Cycle counting
It is often useful to delay a specific number of CPU cycles. Timing raster effects or generating PCM audio are some examples that might utilize this. This article outlines a few relevant techniques.
Short delays
Here are few ways to create short delays without side effects. As the shortest instruction time is 2 cycles, it is not possible to delay 1 cycle on its own.
NOP
- 2 cycles, 1 byte, no side effectsJMP *+3
- 3 cycles, 3 bytes, no side effectsBxx *+2
- 3 cycles, 2 bytes, no side effects but requires a known flag state (e.g. BCC if carry is known to be clear)IGN zp
- 3 cycles, 2 bytes, only side effect is a read, unofficial instruction
Clockslide
A clockslide[1] is a sequence of instructions that wastes a small constant amount of cycles plus one cycle per executed byte, no matter whether it's entered on an odd or even address.

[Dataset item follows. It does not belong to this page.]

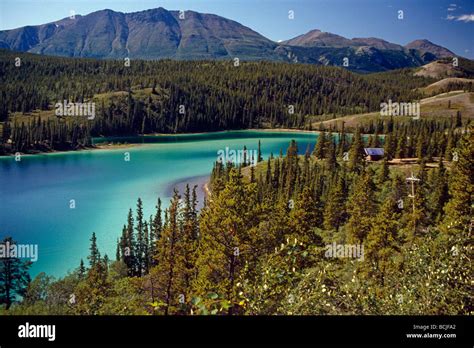 Emerald Lake Wcabin In Yukon Territory Canada Summer Near Klondike Hwy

With official instructions, one can construct a clockslide from CMP instructions: ... C9 C9 C9 C9 C5 EA
Disassemble from the start and you get CMP #$C9 CMP #$C9 CMP $EA
(6 bytes, 7 cycles).
Disassemble one byte in and you get CMP #$C9 CMP #$C5 NOP
(5 bytes, 6 cycles).
The entry point can be controlled with an indirect jump or the RTS Trick to precisely control raster effect or sample playback timing.
CMP has a side effect of destroying most of the flags, but unofficial instructions that skip one byte can be used to preserve them. For example, replace $C9 (CMP) with $89 or $80, which skips one immediate byte, and replace $C5 with $04, $44, or $64, which reads a byte from zero page and ignores it.